Em Fri, Apr 08, 2016 at 02:57:54PM -0300, Arnaldo Carvalho de Melo escreveu:
> Em Fri, Apr 08, 2016 at 01:34:15PM +0200, Milian Wolff escreveu:
> > Now, one can print the call chain for every encountered sys_exit
> > event, e.g.:
> > Note that it is advised to increase the number of mmap pages to
> > prevent event losses when using this new feature. Often, adding
> > `-m 10M` to the `perf trace` invocation is enough.
> > This feature is also available in strace when built with libunwind
> > via `strace -k`. Performance wise, this solution is much better:
> > $ time find path/to/linux &> /dev/null
> > real 0m0.051s
> > user 0m0.013s
> > sys 0m0.037s
> > $ time perf trace -m 800M --call-graph dwarf find path/to/linux &>
> > /dev/null
> > real 0m2.624s
> > user 0m1.203s
> > sys 0m1.333s
> > $ time strace -k find path/to/linux &> /dev/null
> > real 0m35.398s
> > user 0m10.403s
> > sys 0m23.173s
> > Note that it is currently not possible to configure the print output.
> > Adding such a feature, similar to what is available in `perf script`
> > via its `--fields` knob can be added later on.
> You mixed up multiple changes in one single patch, I'll break it down
> while testing, and before pushing upstream.
Expanding a bit the audience:
First test, it works, great! But do we really need that address? I guess not,
right, perhaps via some callchain parameter, to tell what we want to see?
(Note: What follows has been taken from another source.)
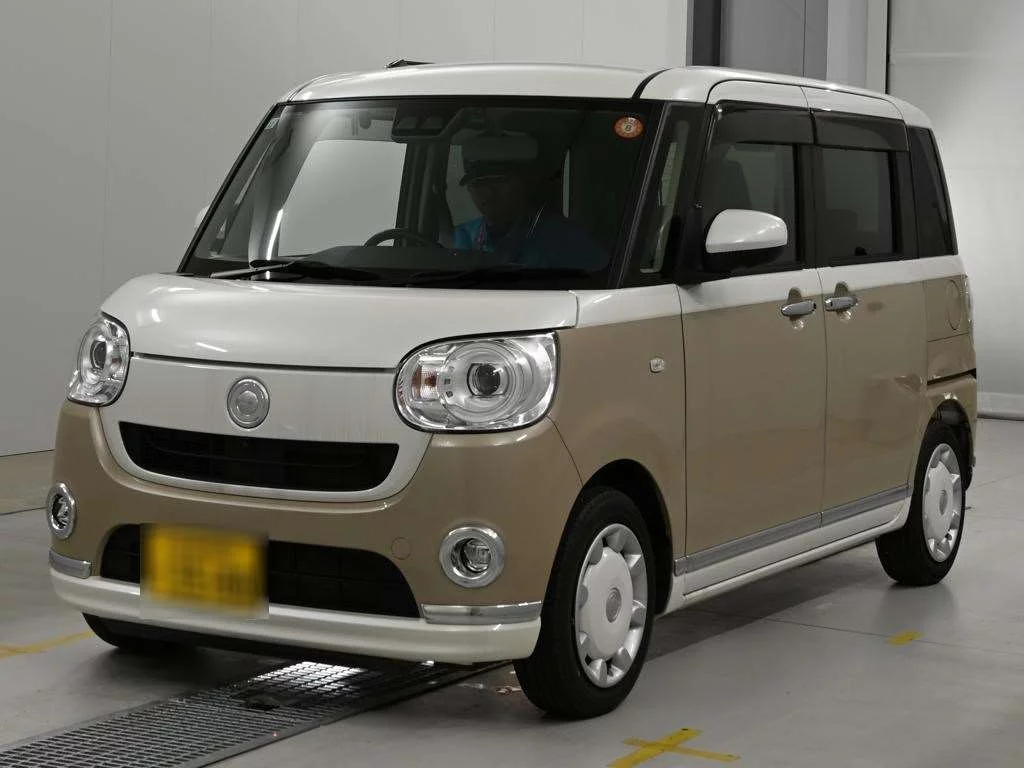 Daihatsu Move Canbus LA800S 2021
But
by default knowing the function name + DSO seems enough, no?
[root@jouet bpf]# trace -e nanosleep --call-graph dwarf usleep 1
0.071 ( 0.071 ms): usleep/5455 nanosleep(rqtp: 0x7ffee070f080) = 0
2036be syscall_slow_exit_work ([kernel.kallsyms])
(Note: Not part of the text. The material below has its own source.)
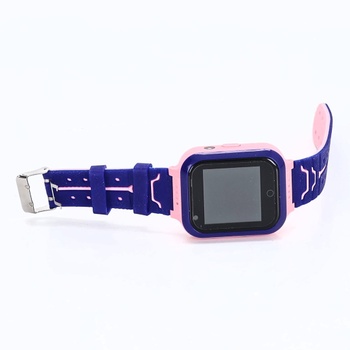Dětské chytré hodinky 4G OKYUK T3 fialové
203dfb do_syscall_64 ([kernel.kallsyms])
9b8fe1 return_from_SYSCALL_64 ([kernel.kallsyms])
7f41622ec790 __nanosleep (/usr/lib64/libc-2.22.so)
7f416231d524 usleep (/usr/lib64/libc-2.22.so)
563b6c6afcab [unknown] (/usr/bin/usleep)
7f4162244580 __libc_start_main (/usr/lib64/libc-2.22.so)
563b6c6afce9 [unknown] (/usr/bin/usleep)
[root@jouet bpf]#
Yeah, you agree with that, now that I read the patch 8-):
+ /* TODO: user-configurable print_opts */
+ unsigned int print_opts = PRINT_IP_OPT_IP
Ok, removing that OPT_IP I get, oops, the alignment is beign done only on ip?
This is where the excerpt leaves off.